Surely, you have encountered in your life the refreshing feeling of completely excluding the outside world by immersing in your hobby. It happens to you that you focus on just one thing for hours. If you are lucky enough, it has already happened in your work, and if you are even luckier, this condition is permanent.
Science calls this feeling a flow experience.
Flow means a state where you are completely immersed in what you are doing. This is when time and the outside world disappear.
This is good because in this state, people can perform outstandingly without efforts. It is like a flow - hence the name of the theory -. This is when everyone is focused, efficient, and feels in control.
This experience can be triggered by any activity because the flow does not depend on the content but rather on the quality of the activity. The most important task is to have a specific goal in front of us. Or the fact that, depending on our abilities, we dive into a slightly more difficult task than we can easily cope with.
A Prize-winning Hungarian scientist, Mihány Csíkszentmihányi, developed flow theory when he sought the secret of happiness on a scientific basis. During his research, he has done plenty of in-depth interviews with successful and happy people to find the point they have in common.
“When I was 5, my mother said happiness is the key to a beautiful life. At the age of 6, when I went to school and was asked what I wanted to be when I was big, I wrote "happy." They said I misinterpreted the question. I said they misinterpreted life. ”
John Lennon
Csíkszentmihányi found that they feel best in their activity when they can immerse themselves in what they feel best with full devotion. Leading athletes, company executives, artists have all stated this. And what is even more special, they all reported a completely similar experience, no matter how far apart they were able to prove success.
Mihály Csíkszentmihályi's presentation on the flow experience source: ted.com
People most often encounter tasks to be solved at their workplace, so they also have the best chance of experiencing the flow experience there. Unfortunately, this is by no means guaranteed. Most work easily becomes a routine task or a compulsion, which can be a burden rather than a source of happiness.
If this happens, then the flow experience will also be missed. Between monotonous, repetitive tasks and duties, there is simply no area left where the flow would catch us.
Escape rooms offer a great opportunity to enjoy the flow experience because everything is there for the players to focus exclusively on the very specific task ahead.

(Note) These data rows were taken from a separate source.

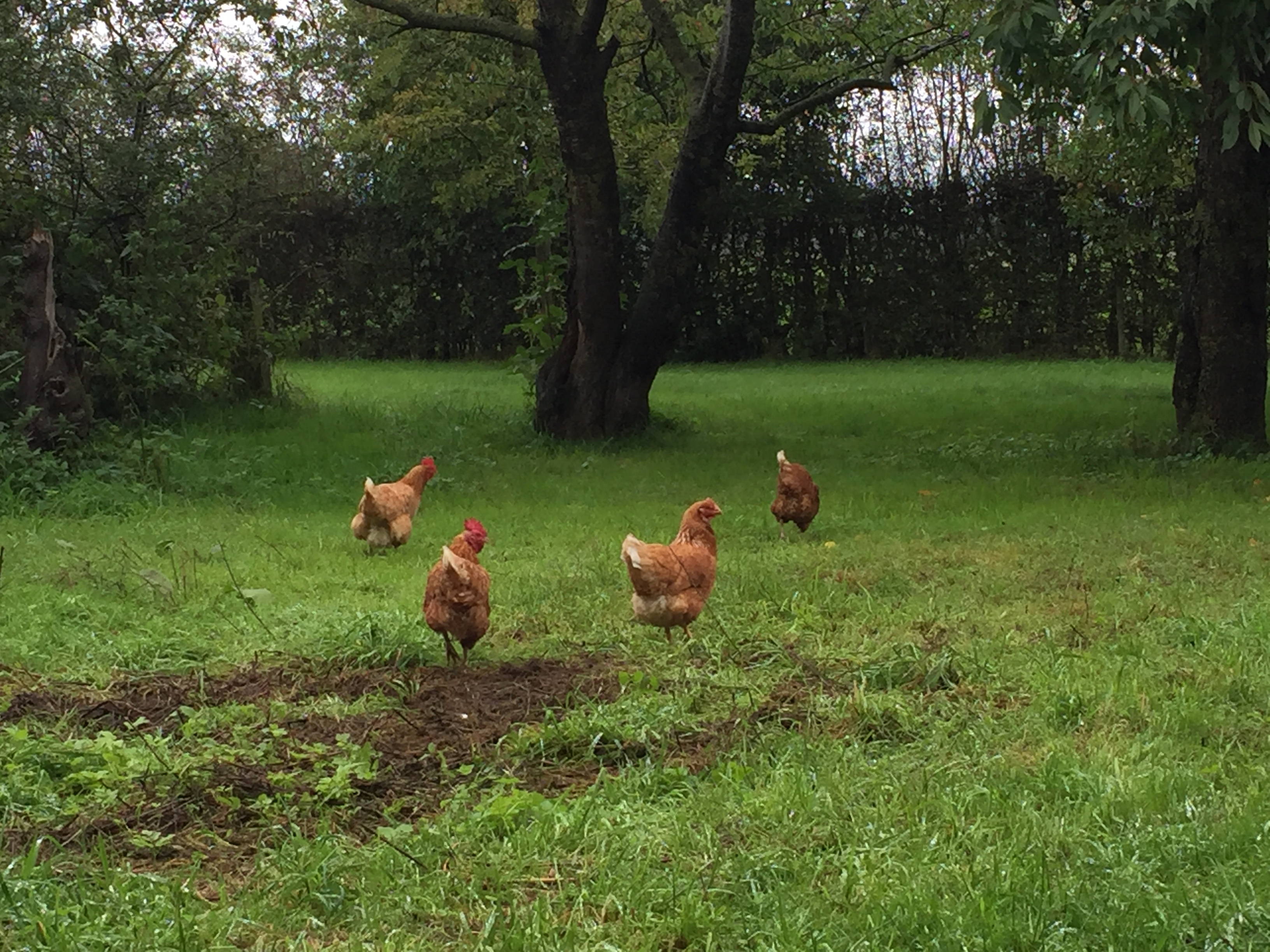 Let us get started on a clean slate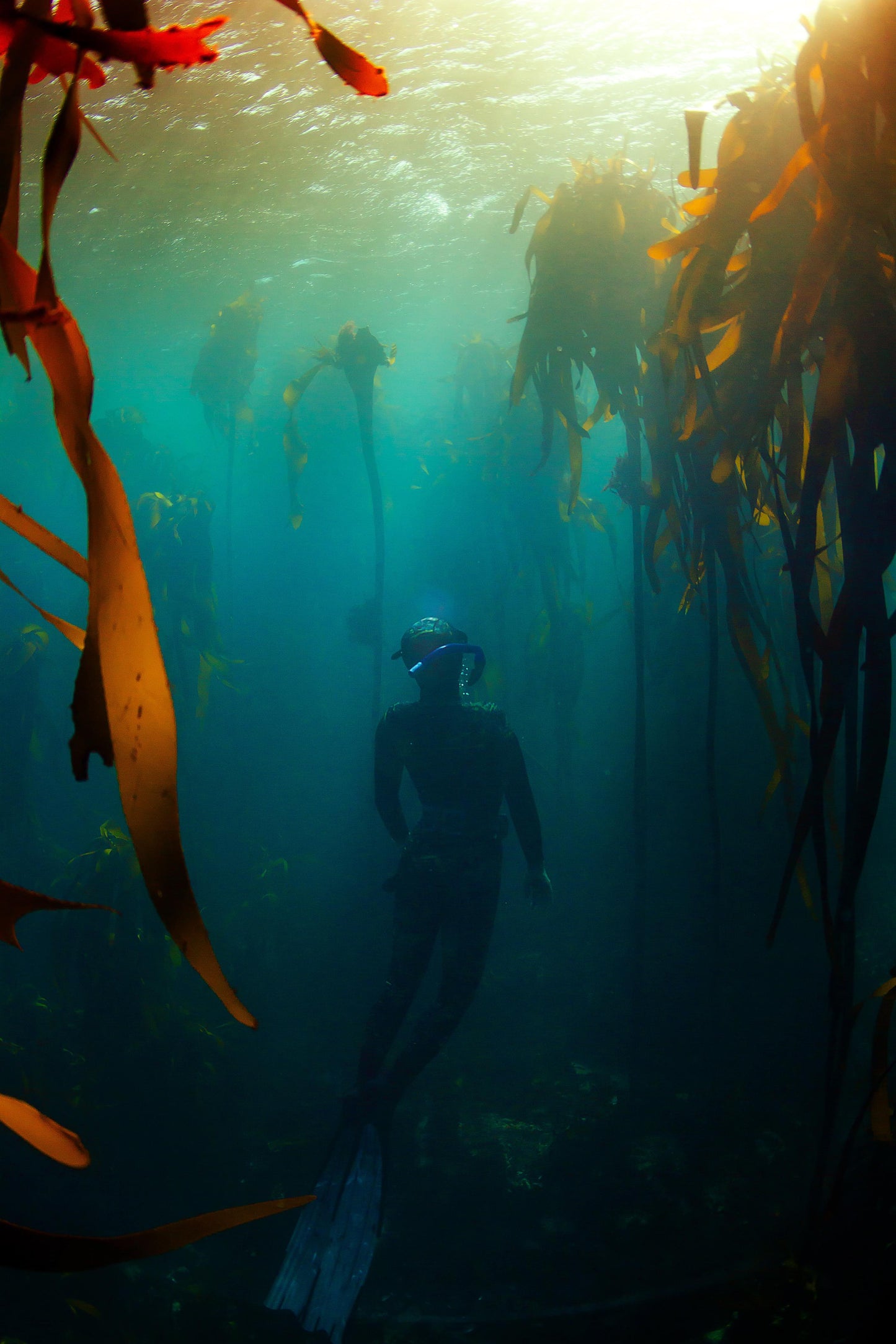 Half Day Ocean & Wellness Immersion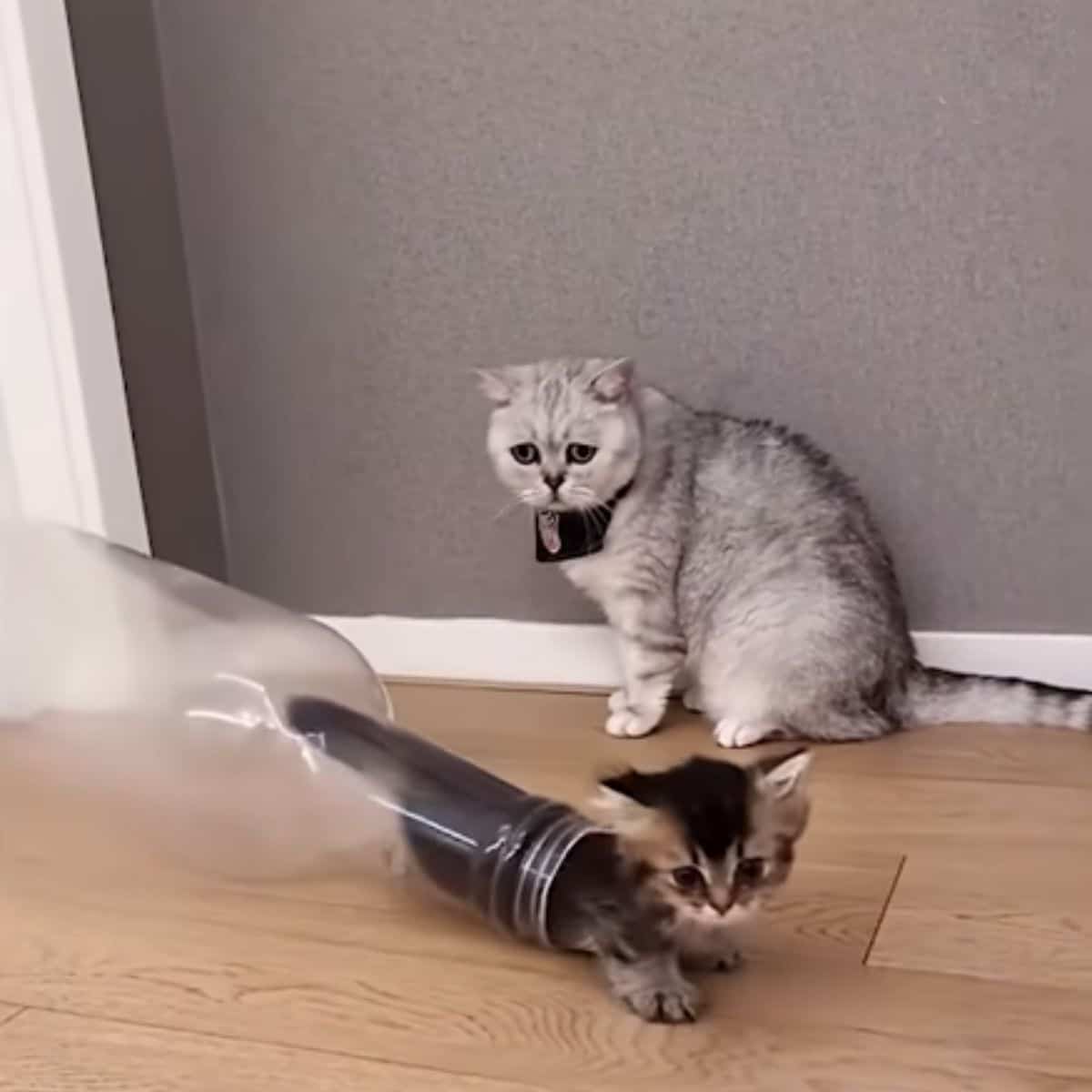 kitty playing with bottle while other watching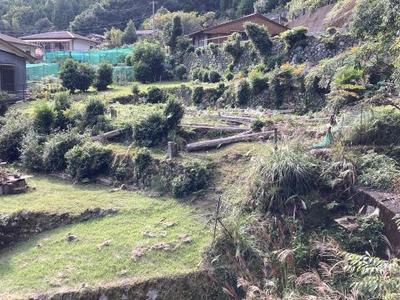 Shimokitayama Village Shimoikehara (SK9) - Property Details - Nara Prefecture Shimokitayama Village Vacant House Bank Site — Image 3, Shimokitayama, Nara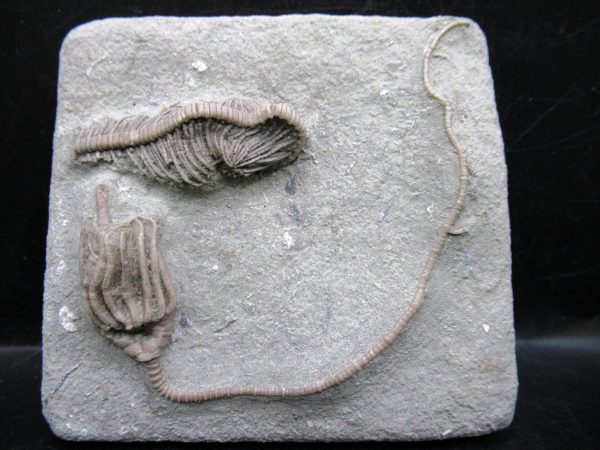 Indiana Mississippian Crawfordsville Crinoid 174 | Fossils for Sale General Mississippian Age Crawfordsville Crinoid Fossils For Sale From Indiana #174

Escape rooms create an atmosphere that helps players experience what they are doing, and with the exclusion of all other thoughts. It is rarely given that someone can enjoy this immersive experience in a quickly flying 60 minutes. Moreover, the escape room gives a little more than that because there is an opportunity for one to join the experience in a group. Therefore, we can safely state that it is worth trying the escape games because it has been scientifically proven that you will be happy in the escape rooms.